### Work task
Print every record exactly, with nothing added or left out.

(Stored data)
▬▬▬▬▬▬

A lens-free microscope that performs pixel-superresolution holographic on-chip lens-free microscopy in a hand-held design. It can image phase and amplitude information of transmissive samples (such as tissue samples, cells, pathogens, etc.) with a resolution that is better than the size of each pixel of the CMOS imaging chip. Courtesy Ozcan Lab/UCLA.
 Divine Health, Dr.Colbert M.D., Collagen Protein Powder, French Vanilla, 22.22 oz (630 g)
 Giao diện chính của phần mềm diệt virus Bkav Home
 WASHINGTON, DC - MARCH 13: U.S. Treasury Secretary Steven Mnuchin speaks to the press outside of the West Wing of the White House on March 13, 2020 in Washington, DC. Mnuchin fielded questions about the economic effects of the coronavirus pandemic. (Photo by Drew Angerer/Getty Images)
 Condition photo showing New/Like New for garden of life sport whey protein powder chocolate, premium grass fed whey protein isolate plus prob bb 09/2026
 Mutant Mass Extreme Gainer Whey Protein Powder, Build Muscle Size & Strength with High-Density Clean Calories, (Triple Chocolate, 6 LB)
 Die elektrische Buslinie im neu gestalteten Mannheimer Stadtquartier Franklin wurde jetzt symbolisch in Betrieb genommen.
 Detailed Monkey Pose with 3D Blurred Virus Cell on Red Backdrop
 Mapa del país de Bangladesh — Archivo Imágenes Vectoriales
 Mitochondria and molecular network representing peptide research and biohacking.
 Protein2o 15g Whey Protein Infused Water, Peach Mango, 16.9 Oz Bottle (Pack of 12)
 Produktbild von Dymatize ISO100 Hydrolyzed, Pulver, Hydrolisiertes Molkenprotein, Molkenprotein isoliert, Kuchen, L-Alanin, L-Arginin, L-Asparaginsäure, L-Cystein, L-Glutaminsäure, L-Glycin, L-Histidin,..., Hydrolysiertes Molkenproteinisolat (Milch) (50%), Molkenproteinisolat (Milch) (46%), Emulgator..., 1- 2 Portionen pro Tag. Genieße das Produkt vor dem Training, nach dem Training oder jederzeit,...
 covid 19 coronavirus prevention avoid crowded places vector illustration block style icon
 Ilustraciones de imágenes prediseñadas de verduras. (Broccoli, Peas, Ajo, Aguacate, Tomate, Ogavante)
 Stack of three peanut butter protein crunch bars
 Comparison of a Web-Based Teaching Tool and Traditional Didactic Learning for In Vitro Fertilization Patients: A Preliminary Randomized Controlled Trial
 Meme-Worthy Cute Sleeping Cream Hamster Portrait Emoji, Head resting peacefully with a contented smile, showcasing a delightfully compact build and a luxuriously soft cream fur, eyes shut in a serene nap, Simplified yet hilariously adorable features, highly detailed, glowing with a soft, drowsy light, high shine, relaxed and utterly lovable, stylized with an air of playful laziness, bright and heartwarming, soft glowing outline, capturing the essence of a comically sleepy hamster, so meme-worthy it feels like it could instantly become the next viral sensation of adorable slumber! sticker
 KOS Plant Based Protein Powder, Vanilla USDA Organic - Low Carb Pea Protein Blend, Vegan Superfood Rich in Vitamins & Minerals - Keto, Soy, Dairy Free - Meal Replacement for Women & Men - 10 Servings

▬▬▬▬▬▬

### Answer section
A lens-free microscope that performs pixel-superresolution holographic on-chip lens-free microscopy in a hand-held design. It can image phase and amplitude information of transmissive samples (such as tissue samples, cells, pathogens, etc.) with a resolution that is better than the size of each pixel of the CMOS imaging chip. Courtesy Ozcan Lab/UCLA.
 Divine Health, Dr.Colbert M.D., Collagen Protein Powder, French Vanilla, 22.22 oz (630 g)
 Giao diện chính của phần mềm diệt virus Bkav Home
 WASHINGTON, DC - MARCH 13: U.S. Treasury Secretary Steven Mnuchin speaks to the press outside of the West Wing of the White House on March 13, 2020 in Washington, DC. Mnuchin fielded questions about the economic effects of the coronavirus pandemic. (Photo by Drew Angerer/Getty Images)
 Condition photo showing New/Like New for garden of life sport whey protein powder chocolate, premium grass fed whey protein isolate plus prob bb 09/2026
 Mutant Mass Extreme Gainer Whey Protein Powder, Build Muscle Size & Strength with High-Density Clean Calories, (Triple Chocolate, 6 LB)
 Die elektrische Buslinie im neu gestalteten Mannheimer Stadtquartier Franklin wurde jetzt symbolisch in Betrieb genommen.
 Detailed Monkey Pose with 3D Blurred Virus Cell on Red Backdrop
 Mapa del país de Bangladesh — Archivo Imágenes Vectoriales
 Mitochondria and molecular network representing peptide research and biohacking.
 Protein2o 15g Whey Protein Infused Water, Peach Mango, 16.9 Oz Bottle (Pack of 12)
 Produktbild von Dymatize ISO100 Hydrolyzed, Pulver, Hydrolisiertes Molkenprotein, Molkenprotein isoliert, Kuchen, L-Alanin, L-Arginin, L-Asparaginsäure, L-Cystein, L-Glutaminsäure, L-Glycin, L-Histidin,..., Hydrolysiertes Molkenproteinisolat (Milch) (50%), Molkenproteinisolat (Milch) (46%), Emulgator..., 1- 2 Portionen pro Tag. Genieße das Produkt vor dem Training, nach dem Training oder jederzeit,...
 covid 19 coronavirus prevention avoid crowded places vector illustration block style icon
 Ilustraciones de imágenes prediseñadas de verduras. (Broccoli, Peas, Ajo, Aguacate, Tomate, Ogavante)
 Stack of three peanut butter protein crunch bars
 Comparison of a Web-Based Teaching Tool and Traditional Didactic Learning for In Vitro Fertilization Patients: A Preliminary Randomized Controlled Trial
 Meme-Worthy Cute Sleeping Cream Hamster Portrait Emoji, Head resting peacefully with a contented smile, showcasing a delightfully compact build and a luxuriously soft cream fur, eyes shut in a serene nap, Simplified yet hilariously adorable features, highly detailed, glowing with a soft, drowsy light, high shine, relaxed and utterly lovable, stylized with an air of playful laziness, bright and heartwarming, soft glowing outline, capturing the essence of a comically sleepy hamster, so meme-worthy it feels like it could instantly become the next viral sensation of adorable slumber! sticker
 KOS Plant Based Protein Powder, Vanilla USDA Organic - Low Carb Pea Protein Blend, Vegan Superfood Rich in Vitamins & Minerals - Keto, Soy, Dairy Free - Meal Replacement for Women & Men - 10 Servings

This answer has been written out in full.